** Problem to work on **
Only one stretch of the data below is needed. Output the lines from the one with "Hamzaoğlu Group kapak görseli" up to and including the one with "IchiRuki_4 (400x393, 239Kb)", exactly as they stand.

** Input **

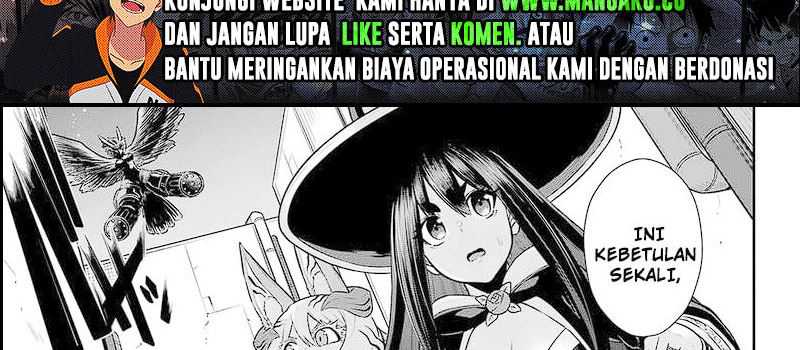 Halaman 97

* * *

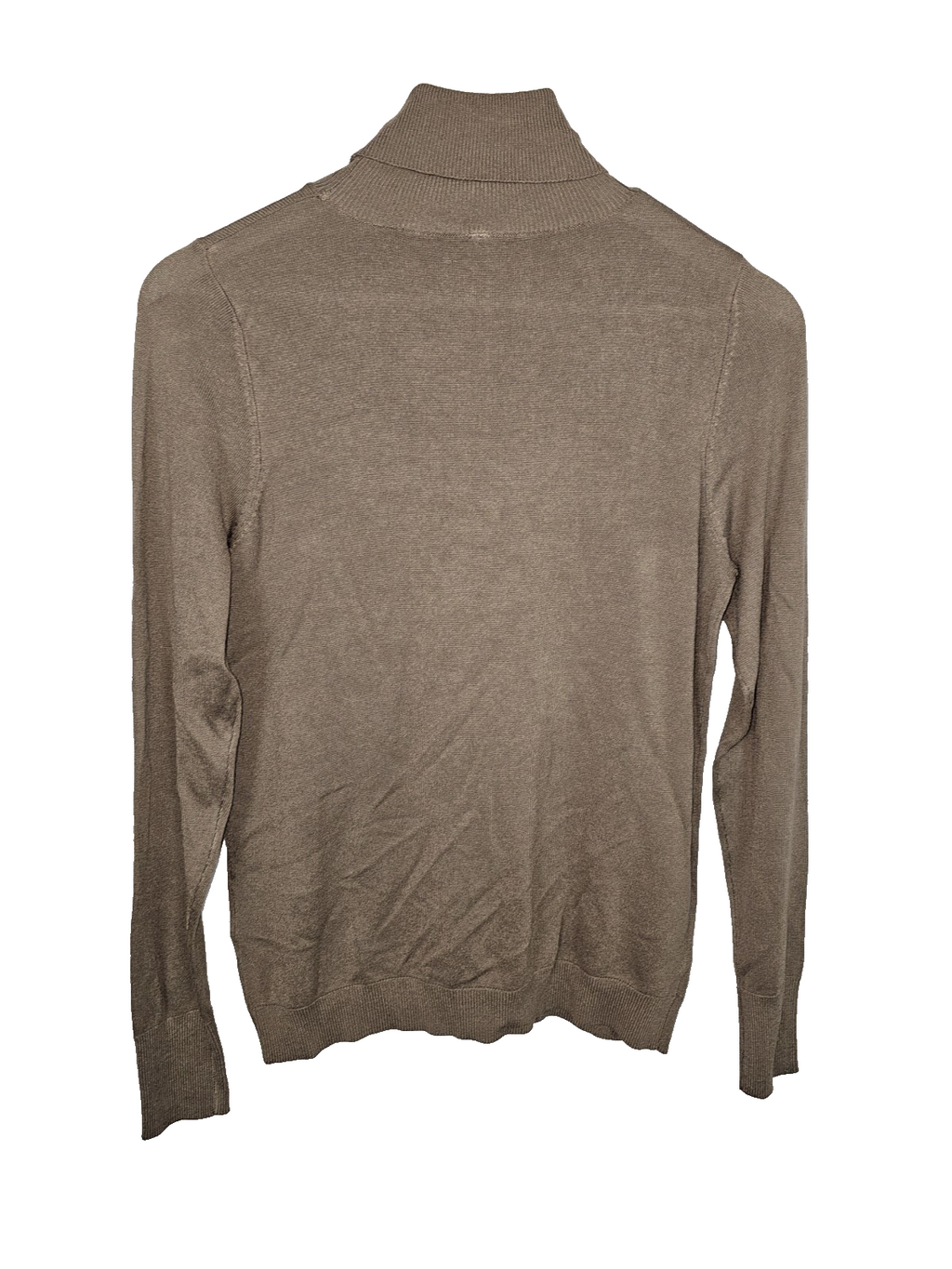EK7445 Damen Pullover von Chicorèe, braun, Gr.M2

--

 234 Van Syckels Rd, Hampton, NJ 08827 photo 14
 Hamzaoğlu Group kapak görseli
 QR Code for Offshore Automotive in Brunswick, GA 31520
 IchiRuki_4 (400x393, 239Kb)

** Problem solution **
 Hamzaoğlu Group kapak görseli
 QR Code for Offshore Automotive in Brunswick, GA 31520
 IchiRuki_4 (400x393, 239Kb)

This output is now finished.